Compliance with BCA requirements

  1. Mr Cohen and Mr Harre agreed that if the proposed building is a Class 1(a) building it complies with BCA requirements; if it is Class 3, it does not, and would require additional fire safety measures including an emergency lighting system, exit signs, portable fire extinguishers, an automatic smoke detection and alarm system, fire resistant walls, solid core and self closing doors, and appropriate noise and impact reduction treatment for walls. The issue in dispute was whether it is a Class 1(a) building.

  1. Mr Harre approached this question by reference solely to the plans. In his opinion, the layout of the building indicates that its intended use is for a number of unrelated persons for long term or transient use, which fits a classification as a Class 3 building. Once the building is constructed its layout lends itself to such a use, regardless of the intentions of the present applicant.

  1. Mr Cohen approached this question by reference to the intentions of the applicant as identified in his affidavit, and because the proposed building meets the requirements for a Class 1 building specified at 3.8.3.2 of the BCA: it provides a kitchen, a bath or shower (in the form of one bathroom in the existing dwelling, and 12 ensuites), clothes washing facilities (in the form of one laundry), and a closet pan and washbasin (in the form of one bathroom and the ensuites). When asked in oral evidence to respond to the plans in the absence of information as to the present applicant's intention, Mr Cohen's response was that he would think it was a motel, a Class 3 building.

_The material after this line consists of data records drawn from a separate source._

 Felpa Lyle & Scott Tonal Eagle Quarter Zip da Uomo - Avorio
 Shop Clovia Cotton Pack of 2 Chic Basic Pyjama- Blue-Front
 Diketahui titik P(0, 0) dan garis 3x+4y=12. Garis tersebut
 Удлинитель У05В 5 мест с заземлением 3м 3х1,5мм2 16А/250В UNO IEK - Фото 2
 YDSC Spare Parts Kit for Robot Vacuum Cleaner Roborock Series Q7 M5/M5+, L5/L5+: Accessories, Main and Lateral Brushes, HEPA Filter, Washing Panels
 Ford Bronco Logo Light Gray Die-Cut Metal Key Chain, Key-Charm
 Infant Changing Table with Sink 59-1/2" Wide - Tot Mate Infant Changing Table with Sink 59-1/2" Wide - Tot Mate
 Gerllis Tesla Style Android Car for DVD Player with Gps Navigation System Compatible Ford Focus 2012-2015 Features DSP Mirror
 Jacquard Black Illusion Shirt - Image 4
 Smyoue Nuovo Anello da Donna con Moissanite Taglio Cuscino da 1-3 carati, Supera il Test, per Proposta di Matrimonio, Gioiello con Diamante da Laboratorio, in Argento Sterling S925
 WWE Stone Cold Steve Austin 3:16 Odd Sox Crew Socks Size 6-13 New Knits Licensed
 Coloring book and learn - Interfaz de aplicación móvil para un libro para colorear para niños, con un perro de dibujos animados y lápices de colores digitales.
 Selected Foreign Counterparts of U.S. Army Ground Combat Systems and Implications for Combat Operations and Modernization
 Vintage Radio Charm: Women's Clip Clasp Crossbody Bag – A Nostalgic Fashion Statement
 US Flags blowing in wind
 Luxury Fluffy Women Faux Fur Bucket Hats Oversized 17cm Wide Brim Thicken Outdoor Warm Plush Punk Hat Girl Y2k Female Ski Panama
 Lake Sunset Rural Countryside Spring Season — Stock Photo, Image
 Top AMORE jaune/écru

  1. In my view the stated principles of classification in the BCA, that "the classification of a building or part of a building is determined by the purpose for which it is designed, constructed or adapted to be used" (Part A3.1 Volume 1 and Part 1.3.1 Volume 2 BCA) require consideration of the built form rather than the subjective intention of the owner, which can change from time to time including with changes in ownership, and I would agree with Mr Harre's approach. The fact that the proposed buildings include all the facilities that a Class 1 building must be provided with under Part 3.8.3 of the BCA does not mean that the structure is therefore a Class 1 building. I accept Mr Harre's evidence, and am satisfied that having regard to the design and scale, the proposal development is not a Class 1(a) building, being "a single dwelling being..." either a detached house or one of a group of two or more attached dwellings; and more than 12 persons would ordinarily be resident, meaning that it is not a Class 1(b) building.

Conclusion

  1. I am not satisfied that the proposed development is for the purpose of a "dwelling house" as defined in the LEP. That was the basis on which the application was made, and the applicant accepts that if the proposed development cannot properly be characterised as being for the purpose of a "dwelling house", and cannot be assessed as a Class 1(a) building under the BCA, consent cannot be granted. For the reasons outlined above, if the proposed development could properly be characterised as being for a "dwelling house", I am not satisfied, having regard to its bulk and scale, the inadequate landscaped area, and failure to make adequate provision for car parking, that development consent should be granted.

  1. The orders of the Court are:

1. The appeal is dismissed.

2. Development Application DA 2012/0464 for "detached extension to existing residence" at 29 Mary Street Grafton is refused.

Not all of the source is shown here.